The actual hero of the story is this couple’s son, who in a frenzy is named Gogol, after his father’s favourite Russian author, Nikolai Gogol. He, as the name of the book does suggest, is the namesake. The rest of the book revolves around the family’s story in a totally foreign country. The author traces the life of this child, trying to find an identity for himself in a world which doesn’t quite accept him. Like a quintessential second-generation migrant, Gogol tries to discover the two stark different worlds around him, which, unfortunately, his parents are trying to do at the same time too. This is a very confusing situation, which is not at all helped by the choice of name that his parents have given him. Other than the normal teasing and namecalling, Lahiri projects Gogol’s life through the names that he has. The peculiar and arguably even depressing life of an immigrant couple in the early 1970s and 1980s is also displayed in the story. Though some of you may be familiar with immigrant couples, the story here is different. Like today, there are no mobile phones in the story, and the only contact with the relatives back in is by telephone on infrequent occasions and by the scarce letters. The Gangulis do have Bengali friends who live in and around them, and unfortunately, they are their only friends. This transition is especially very difficult for Aashima. Growing up in hot, humid and sunny Calcutta is very very different compared to the dreary, cold and almost always dark environment of Boston. Though the novel’s main focus is on the Namesake, Lahiri gives equal attention to such elements, which are extremely influential in the lives of such families. Herself being the child of such migrant parents, the story that she narrates always feels natural, as if she was recounting her own experiences.

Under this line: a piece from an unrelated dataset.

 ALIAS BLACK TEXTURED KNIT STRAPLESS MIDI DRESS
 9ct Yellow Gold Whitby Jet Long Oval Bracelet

The story advances slowly as Gogol grows up. He enters high school, then college and so forth. In every major step of his life, Gogol has to rename himself, sometimes officially and sometimes just for himself. His names are often linked to who he is in that place or that moment of time. His different names form two different worlds for himself. This contrast between himself and himself is shown to somehow dissuade his pursuit of a search for his own identity. One that he himself has to give to himself, not anyone else. To be frank this is the main question or plotline of the book.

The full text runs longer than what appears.